#### [Data records]
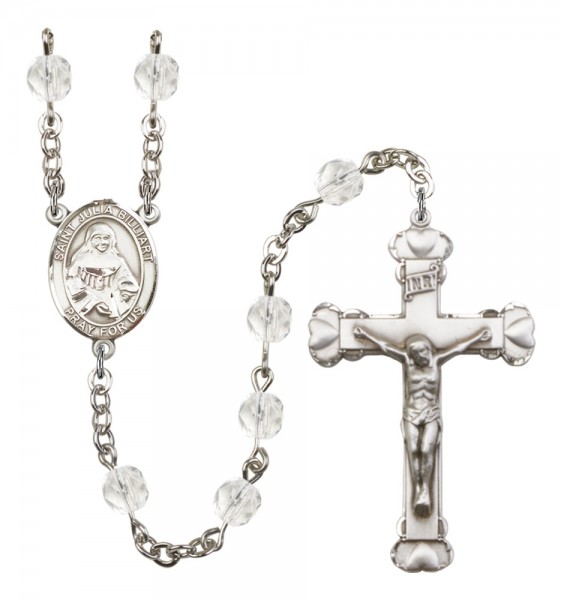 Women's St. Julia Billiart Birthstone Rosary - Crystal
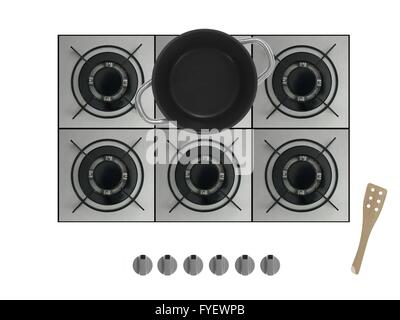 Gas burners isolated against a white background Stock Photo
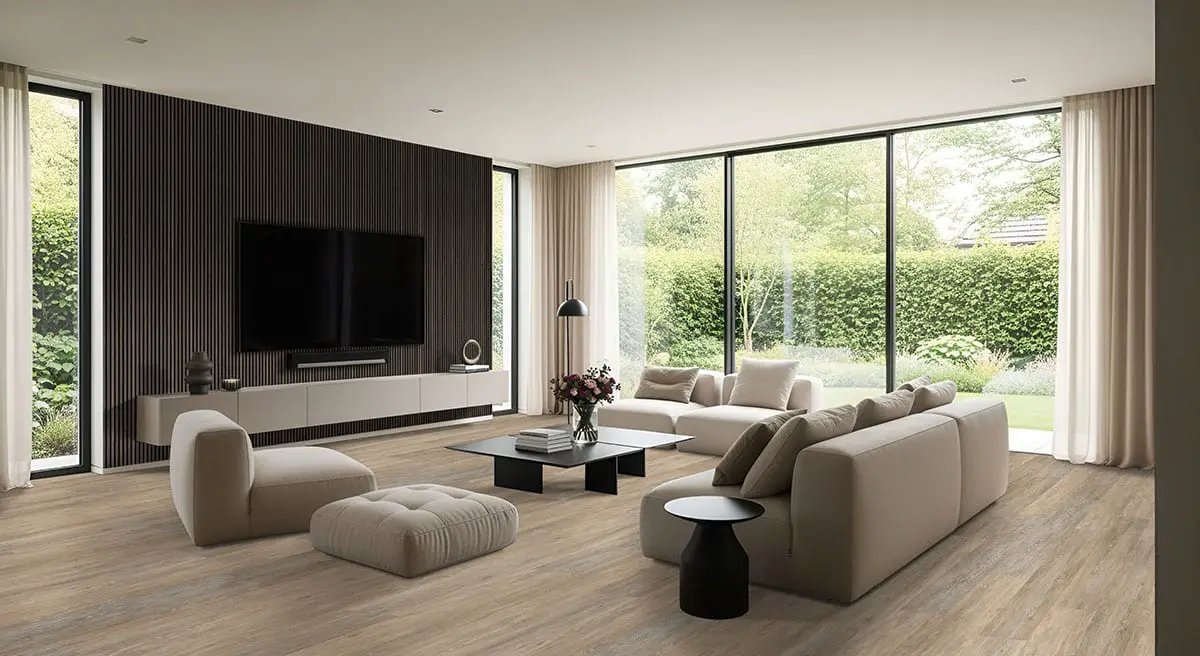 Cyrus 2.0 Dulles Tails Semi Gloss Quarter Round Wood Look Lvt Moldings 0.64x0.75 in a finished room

==

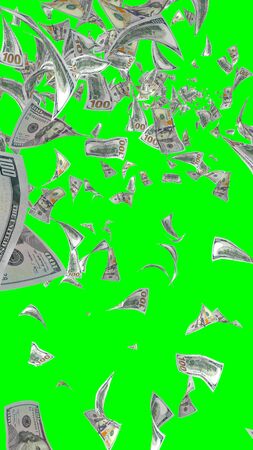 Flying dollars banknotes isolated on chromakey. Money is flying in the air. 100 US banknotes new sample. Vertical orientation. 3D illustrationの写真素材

#### [Task prompt]
Range to copy from the listing above: the line with "Women's St. Julia" through the line with "Cyrus 2.0 Dulles". Transcribe it exactly and skip the pictures.

#### [Task result]
 Women's St. Julia Billiart Birthstone Rosary - Crystal
 Gas burners isolated against a white background Stock Photo
 Cyrus 2.0 Dulles Tails Semi Gloss Quarter Round Wood Look Lvt Moldings 0.64x0.75 in a finished room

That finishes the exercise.